I think possibly the best line of the prequel trilogy is Obi-wan saying ‘I have failed you, Anakin. I have failed you.’ – because it is absolutely true, and it’s only now that it’s too late that Obi-wan has realised it.
It is a beautiful tragedy when Obi-wan has to watch Anakin be burned by the lava. He has to watch the destruction of his pupil and brother, who by this point hates him not just because he is on the opposing side of a war, but because he has been the source of his frustration for years, and is now just letting him burn. I think Christensen performs brilliantly in this scene (and so does McGregor, when I think about it).
There are some bad lines in this part of the film. Some of Padmé’s lines when she’s talking to Anakin after she arrives on Mustafar are a bit odd. I think that, as ever, this is down to how the dialogue is written – it’s far too terse – and a lack of reaction shots and close-ups. Also, after the Mustafar sequence, when Padmé is dying, and the robot says ‘She’s dying, and we don’t know why … She’s lost the will to live.’ – this is a bit daft.
At the same time as the sequence on Mustafar, we see the fight between Yoda and Palpatine. Once again, Lucas finds a way of doing something different with the fight – this one taking place in the main senate hall. The destruction of the senate hall as the head of the Sith and the head of the Jedi fight is a simple symbolism, but a satisfying one.

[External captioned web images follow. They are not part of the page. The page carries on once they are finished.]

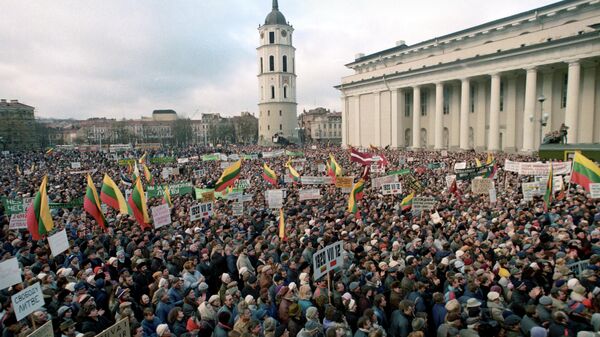 Митинг на Кафедральной площади Вильнюса, архивное фото - Sputnik Литва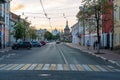 Russia, Yaroslavl, July 2020. Sunset on a wide city street.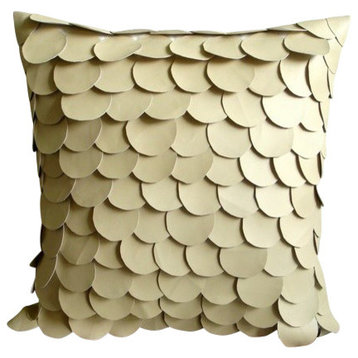 Mermaid Design 14"x14" Faux Leather Beige Accent Pillows, Mermaid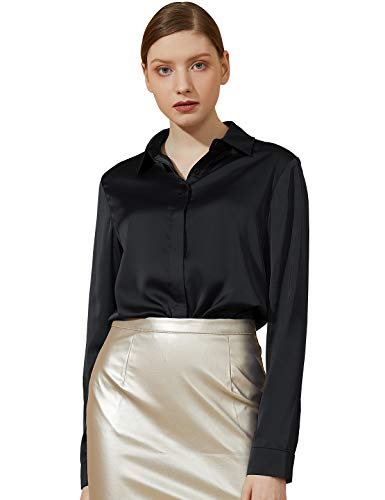 Escalier Women s Satin Silk Long Sleeve Button Down Shirt Casual Work Office Silky Blouse Top (Black, Small)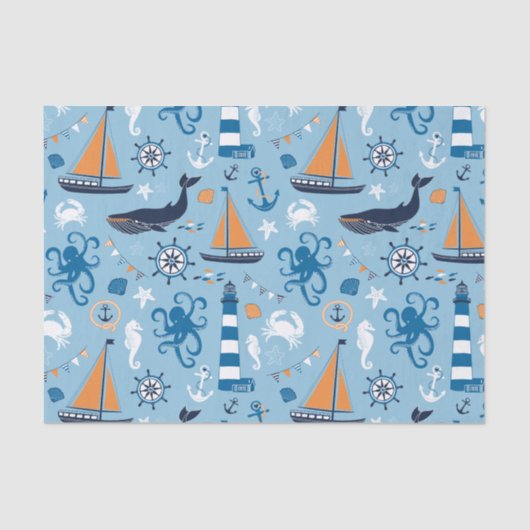 Nautical Ocean Blue en Oranje Tissuepapier (Voorkant)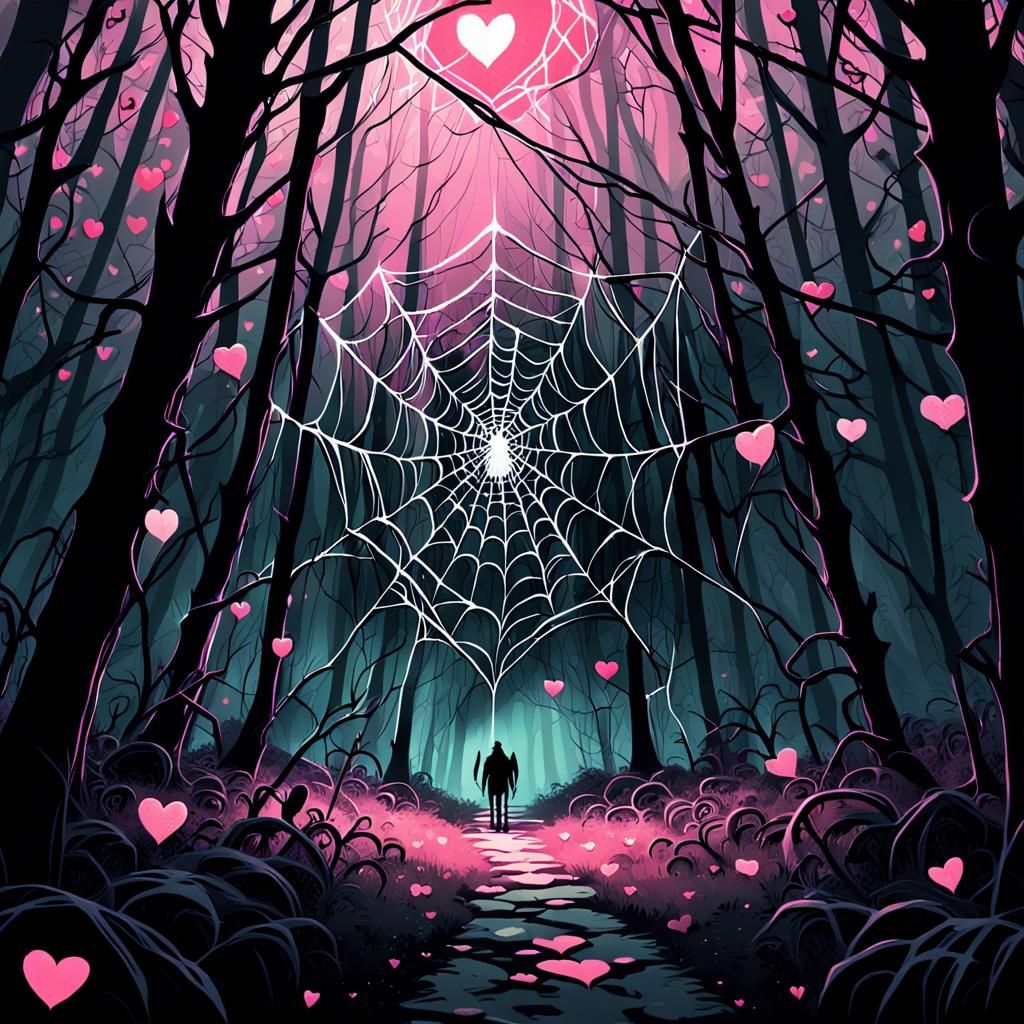 Eerie Spiderweb with Hearts in Dark Fantasy Style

After all of that, there are various short scenes that wind down the film, and the trilogy. Qui-gon being the first Jedi to become a force ghost is a nice touch – you get the sense that if there’s anyone who would be the first, it would be him. Padmé’s funeral, while short, and sort of cliché, is beautifully tragic – and a great scene to have at the end of this trilogy – the tragedy of Padmé Amidala and the tragedy of Anakin Skywalker are essentially one and the same.
This film has an extraordinary number of excellent aspects. It has some bad lines of dialogue, and there are many missing reaction shots. Some of the scenes are too long, others too short, others not impactful enough. The film has many flaws, but I don’t think they at all outweigh the extraordinary number of good things about the film. This is an excellent, but imperfect, film.
This is the same as what I said about the previous two films. There are many, many great things about this trilogy, and the idea that it was a complete disaster, as some people seem to think, is completely flawed. To see this trilogy as a disaster, you would have to ignore about 90% of it, and over-focus on about four or five lines of dialogue throughout the three films. You would have to ignore all of the great world-building, the great actors, the great performances, the great sword fights, the great costume design, the great music, a story structure which is unlike most of what we get from modern Hollywood (one of the things people who like The Last Jedi claim is great about the film was that it didn’t follow the same tired structure that a lot of space fantasy films do – well the prequels also don’t follow that same structure), and you would have to over-focus on ‘I don’t like sand.’ – a line so forgettable and ignorable that I’m amazed anyone at all complains about it.
If nothing else, writing these reviews has shown me just how many things I like about these films, and I will now be able to come back to this review if I want to think over these things again.